Let \(f(a,b,n)\) represent the sequence in my head of \({n}^{th}\) order. I generated it using the equation \(f(a,b,n) = f(a,b,n-1) + f(b,a,n-1) + f(b,a,n-1) + f(a,b,n-1)\)

where + represents concatenation and \(f(a,b,1) = abba\)

The Thue - Morse sequence, on the other hand, starts with \(a, ab\) and consists of \(abbabaab\) between \(abba\) and \(abbabaabbaababba\). My sequence turns out to be a sub sequence of Thue - Morse sequence. To be more specific, it comprises all the odd terms starting from \(abba\).

The right recursive relation that describes Thue - Morse sequence of \({n}^{th}\) order is thus \(f(a,b,n) = f(a,b,n-1) + f(b,a,n-1)\)

It can be generated as follows in Python.

def f(a,b,n):
if n == 0:
    return a
else:
    return f(a,b,n-1) + f(b,a,n-1) if n > 1 else a + b

Please note that, in literature, there is no such thing as a Thue - Morse sequence of \({n}^{th}\) order.

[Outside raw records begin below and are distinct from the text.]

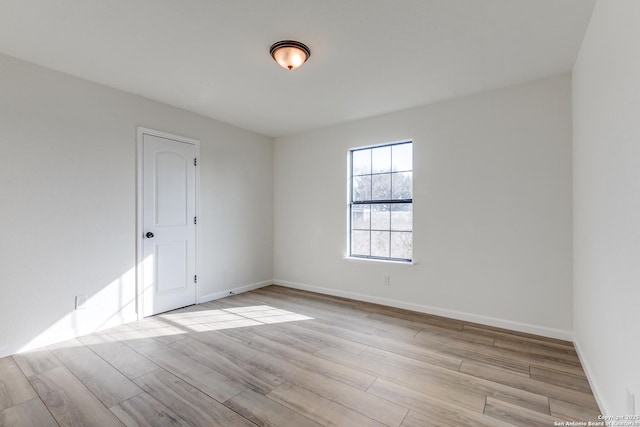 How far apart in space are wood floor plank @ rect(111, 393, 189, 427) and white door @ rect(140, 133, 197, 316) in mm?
1781

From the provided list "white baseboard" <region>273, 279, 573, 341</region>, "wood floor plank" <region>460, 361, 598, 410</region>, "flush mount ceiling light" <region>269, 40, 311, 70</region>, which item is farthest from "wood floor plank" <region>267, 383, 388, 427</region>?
"flush mount ceiling light" <region>269, 40, 311, 70</region>

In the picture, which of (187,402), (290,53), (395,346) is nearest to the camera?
(187,402)

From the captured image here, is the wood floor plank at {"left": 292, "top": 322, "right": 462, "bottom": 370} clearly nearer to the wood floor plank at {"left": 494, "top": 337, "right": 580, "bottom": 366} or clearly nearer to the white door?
the wood floor plank at {"left": 494, "top": 337, "right": 580, "bottom": 366}

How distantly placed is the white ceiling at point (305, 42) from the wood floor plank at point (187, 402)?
2.62m

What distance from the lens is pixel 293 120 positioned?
4.20 m

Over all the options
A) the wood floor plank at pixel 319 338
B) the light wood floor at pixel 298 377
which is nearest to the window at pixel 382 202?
the light wood floor at pixel 298 377

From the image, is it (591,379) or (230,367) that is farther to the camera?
(230,367)

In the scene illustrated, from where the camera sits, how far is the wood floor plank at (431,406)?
5.58ft

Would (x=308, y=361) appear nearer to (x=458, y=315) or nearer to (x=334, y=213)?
(x=458, y=315)

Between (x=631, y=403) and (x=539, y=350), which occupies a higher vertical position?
(x=631, y=403)

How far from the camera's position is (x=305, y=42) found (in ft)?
7.50

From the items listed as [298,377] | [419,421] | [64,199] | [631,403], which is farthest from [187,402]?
[631,403]

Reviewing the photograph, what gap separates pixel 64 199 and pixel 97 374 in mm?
1686

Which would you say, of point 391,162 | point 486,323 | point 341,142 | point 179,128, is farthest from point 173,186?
point 486,323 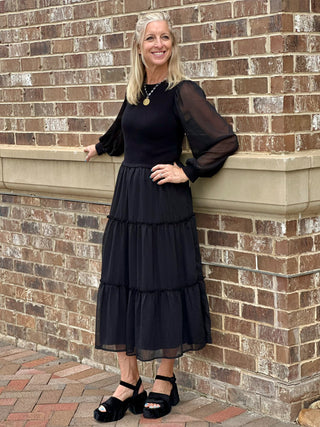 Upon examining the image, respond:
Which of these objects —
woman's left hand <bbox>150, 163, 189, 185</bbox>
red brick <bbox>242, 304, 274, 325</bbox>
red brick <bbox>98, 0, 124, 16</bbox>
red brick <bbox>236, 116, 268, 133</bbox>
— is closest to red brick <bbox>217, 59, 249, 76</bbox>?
red brick <bbox>236, 116, 268, 133</bbox>

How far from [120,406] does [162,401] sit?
0.77ft

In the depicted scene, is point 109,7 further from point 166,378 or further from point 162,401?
point 162,401

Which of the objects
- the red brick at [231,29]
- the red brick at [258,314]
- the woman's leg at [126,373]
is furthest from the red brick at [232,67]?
the woman's leg at [126,373]

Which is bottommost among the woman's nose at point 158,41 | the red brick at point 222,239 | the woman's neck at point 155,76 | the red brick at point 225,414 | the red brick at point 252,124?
the red brick at point 225,414

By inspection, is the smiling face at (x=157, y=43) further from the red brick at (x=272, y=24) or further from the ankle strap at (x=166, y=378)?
the ankle strap at (x=166, y=378)

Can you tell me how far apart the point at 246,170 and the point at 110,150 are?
981mm

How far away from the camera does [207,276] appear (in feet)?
15.3

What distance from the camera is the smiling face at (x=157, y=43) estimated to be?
4.31m

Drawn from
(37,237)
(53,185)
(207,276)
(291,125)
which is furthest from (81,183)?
(291,125)

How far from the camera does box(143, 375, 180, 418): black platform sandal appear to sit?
4.48 metres

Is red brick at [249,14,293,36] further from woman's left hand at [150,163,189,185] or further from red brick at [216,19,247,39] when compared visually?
woman's left hand at [150,163,189,185]

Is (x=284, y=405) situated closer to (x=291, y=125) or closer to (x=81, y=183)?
(x=291, y=125)

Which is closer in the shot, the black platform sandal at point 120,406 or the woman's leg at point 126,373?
the black platform sandal at point 120,406

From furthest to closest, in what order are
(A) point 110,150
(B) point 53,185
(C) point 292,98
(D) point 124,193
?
(B) point 53,185 → (A) point 110,150 → (D) point 124,193 → (C) point 292,98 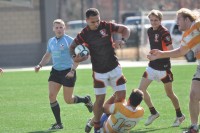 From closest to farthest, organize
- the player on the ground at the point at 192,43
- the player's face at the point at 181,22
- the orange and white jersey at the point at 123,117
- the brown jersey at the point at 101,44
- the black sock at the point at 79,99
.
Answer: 1. the orange and white jersey at the point at 123,117
2. the player on the ground at the point at 192,43
3. the player's face at the point at 181,22
4. the brown jersey at the point at 101,44
5. the black sock at the point at 79,99

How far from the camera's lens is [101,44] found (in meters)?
9.55

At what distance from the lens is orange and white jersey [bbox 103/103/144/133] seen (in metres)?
8.86

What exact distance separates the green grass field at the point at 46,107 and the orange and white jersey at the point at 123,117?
134 cm

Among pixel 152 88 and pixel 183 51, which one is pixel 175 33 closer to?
pixel 152 88

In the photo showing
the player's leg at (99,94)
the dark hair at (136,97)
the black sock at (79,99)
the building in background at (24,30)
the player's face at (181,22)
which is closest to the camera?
the dark hair at (136,97)

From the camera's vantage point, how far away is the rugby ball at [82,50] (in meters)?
9.38

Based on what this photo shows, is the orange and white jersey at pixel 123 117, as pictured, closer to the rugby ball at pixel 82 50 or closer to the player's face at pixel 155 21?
the rugby ball at pixel 82 50

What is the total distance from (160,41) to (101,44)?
1.75m

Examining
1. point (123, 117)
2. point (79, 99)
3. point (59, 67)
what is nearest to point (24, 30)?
point (79, 99)

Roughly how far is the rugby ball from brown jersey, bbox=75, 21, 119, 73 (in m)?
0.18

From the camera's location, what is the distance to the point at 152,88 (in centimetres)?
1739

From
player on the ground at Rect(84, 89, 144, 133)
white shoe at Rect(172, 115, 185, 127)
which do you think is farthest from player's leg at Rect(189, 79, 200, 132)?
white shoe at Rect(172, 115, 185, 127)

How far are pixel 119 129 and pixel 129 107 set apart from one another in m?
0.39

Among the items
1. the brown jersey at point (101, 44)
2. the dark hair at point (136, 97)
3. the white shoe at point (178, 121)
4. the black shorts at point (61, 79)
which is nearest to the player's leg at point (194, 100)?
the dark hair at point (136, 97)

There is only one Thue - Morse sequence and is equal to \(\lim_{n\rightarrow \infty }f(a,b,n)\)

Sum of binary digits

Let \(s(n)\) denote the sum of digits of binary representation of \(n\)

\(t_n\), the \({n}^{th}\) term of \(\lim_{n\rightarrow \infty }f(0,1,n)\) is then equal to \(s(n)\hspace{1 mm} mod\hspace{1 mm} 2\)

Proof by induction

\(f(0,1,0)\hspace{1 mm}=s(0)\hspace{1 mm} mod\hspace{1 mm} 2\hspace{1 mm}=0\)

So the statement is true for \(n\hspace{1 mm}=\hspace{1 mm}0\)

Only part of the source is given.